# Problem requirements
The response should consist only of the lines from the one with "Biología, 2 bachillerato, Revuela" to the end of the data below, copied exactly and without pictures.

# Source data
Start of Block

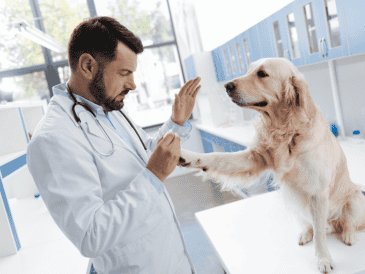 El desarrollo de esta píldora antienvejecimiento abre nuevas perspectivas en el cuidado de los perros mayores, enfocadas no en prolongar la vida de manera indefinida, sino en mejorar su bienestar durante las etapas finales, siempre bajo un manejo responsable y supervisión profesional. CANVA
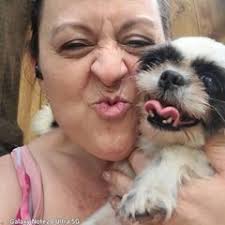 25 cute Shih Tzu puppies for sale in Gaithersburg, Maryland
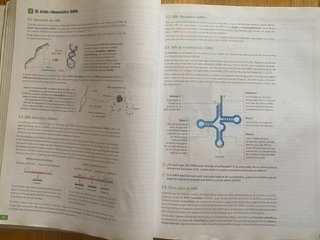 Biología, 2 bachillerato, Revuela Guía del prof...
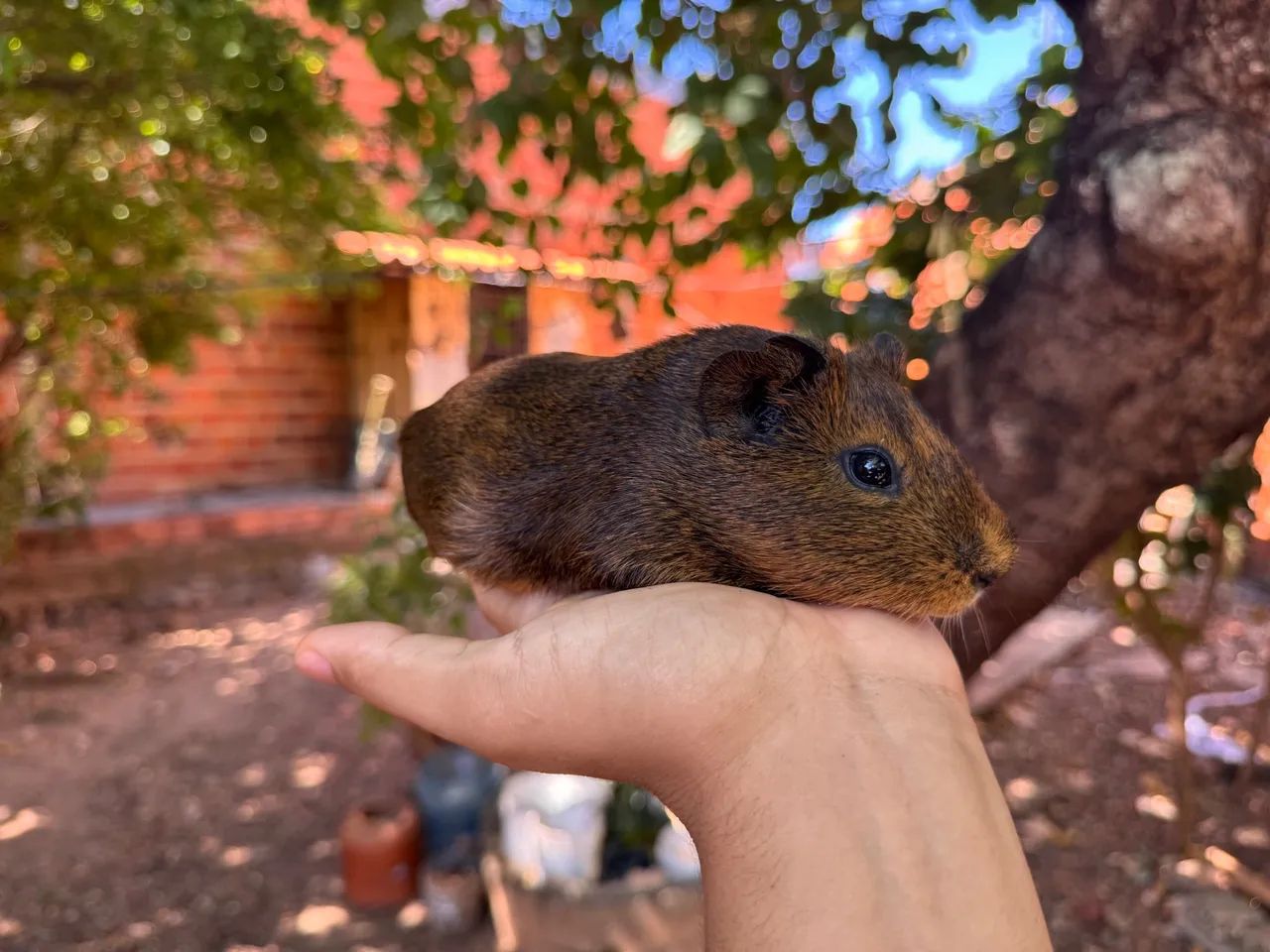 Porquinho da Índia  - Foto 5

End of Block

# Your solution
 Biología, 2 bachillerato, Revuela Guía del prof...
 Porquinho da Índia  - Foto 5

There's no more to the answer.